COOKING
81
A HEARTY APPETIZER
Kathleen Fredrick and her family are a cultural blend of
French, English, and Czechoslovakian heritage. Her
family is big on tradition. Her parents and siblings
usually gather for Christmas morning brunch and then dinner.
Fredrick is a masterful organizer and cook. She prepares
much of the family’s holiday meal, but in addition, she usually
prepares something delicious to give as gifts to friends.
Fredrick’s chicken pâté is a hearty appetizer that is a welcomed
addition to the holiday table. “This pâté is silkysmooth,
inexpensive and simple to make. It makes a wonderful
holiday gift, hostess gift and is perfect at any cocktail
party,” she says. “Best of all it freezes for up to 6 months
with no loss of flavor or texture.”
CHICKEN LIVER PATÉ
1 lb. chicken livers, well trimmed of any
fibers (use a pair of sharp scissors for
this task)
1 sm. onion, thinly sliced
1 lg. garlic clove, peeled and smashed
2 nice fresh bay leaves
½ tsp. dried thyme leaves (if the thyme
is over 4 months old, buy some fresh
thyme)
Kosher salt
1 c. water – more or less to just cover
3 sticks of unsalted butter at room temp
2 Tbs.
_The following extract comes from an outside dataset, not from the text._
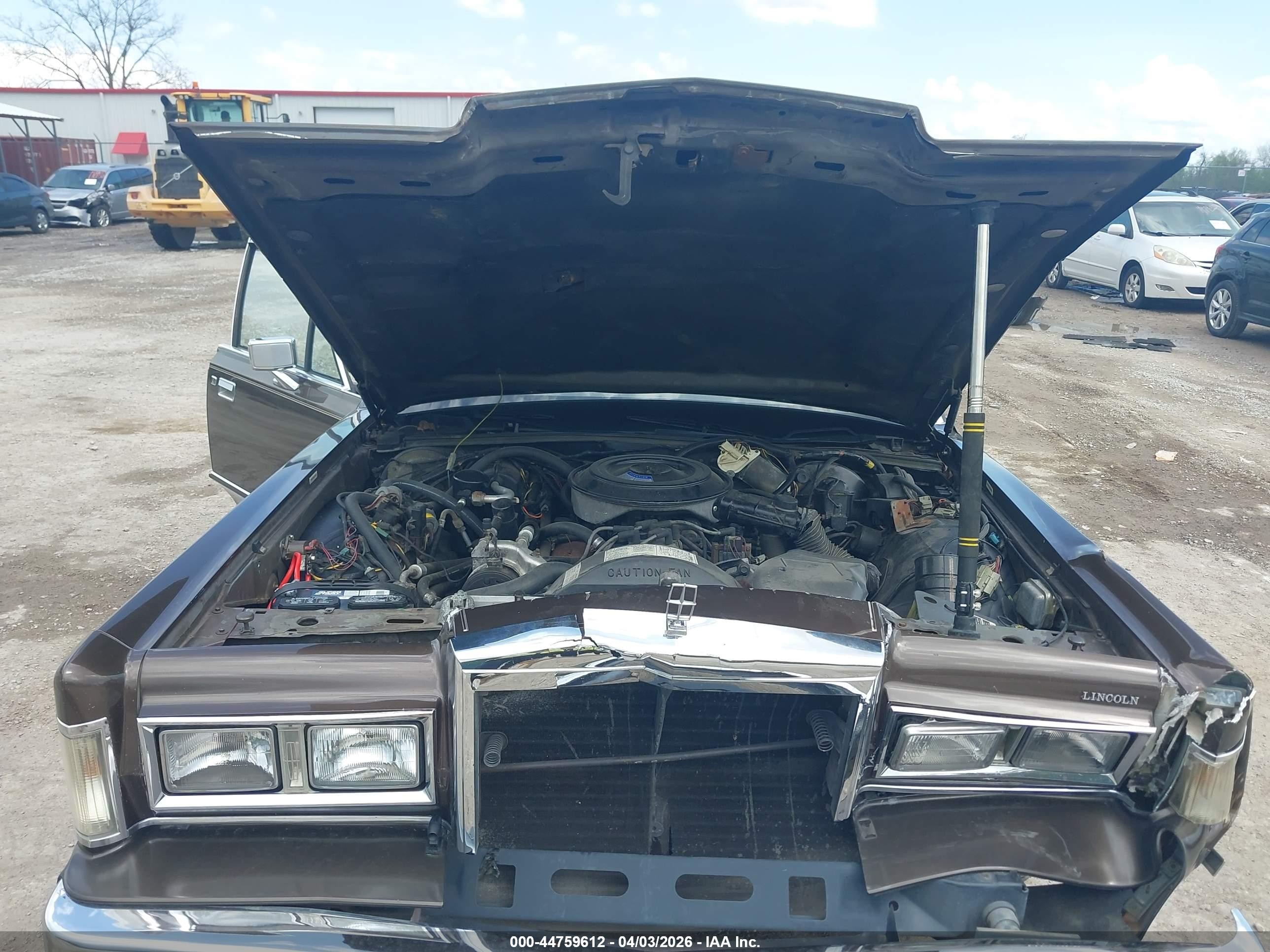 1985 Lincoln Town Car   Коричневый vin: 1LNBP96F9FY636619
Cognac
2 tsp. freshly,fine ground pepper
In a medium sauce pan, combine
trimmed chicken livers, sliced onion,
garlic, thyme, bay leaves and 1 teaspoon
Kosher salt. Add the water to just
barely cover the livers. Bring to a simmer.
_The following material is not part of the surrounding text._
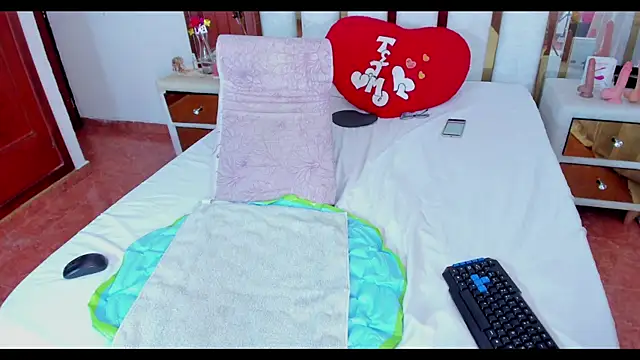 AnyelaGitanaMature লাইভ XXX চ্যাট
Cover and reduce heat to low and
cook, stirring occasionally, until livers
are barely pink inside, about 5 minutes.
Do not allow the livers to boil. Remove
from heat and allow to stand, covered,
for 5 minutes.
Discard bay leaves. Using a slotted
spoon, transfer the livers, onion and the
garlic to a food processor. Process until
coarsely pureed.With the machine running,
add the butter, half a stick at a
time until well incorporated. Process for
3 minutes.
Add cognac, ½ teaspoon salt and
pepper. Process for 3 minutes.
Pass liver puree through a fine
meshed sieve to remove any fibers
remaining. Use a rubber spatula to press
paté through. Discard any fibers from
sieve. The paté should be mousse-like
and velvety smooth.
Pour puree into ramekins, bowls or
other desired container. Press plastic
wrap directly on the surface and wrap
tightly. Refrigerate until firm. Double
wrap ramekins in foil and place in
freezer until ready to serve.
Thaw overnight in a refrigerator and
allow to sit at room temperature for 30
minutes before serving.
Serve with toasted baguette slices,
Melba toast or water crackers. The
cracker should not compete with
the paté.
Known by her friends for her gourmet dishes, Kathleen Fredrick is more
widely recognized as the director of the A.E. Backus Gallery & Museum.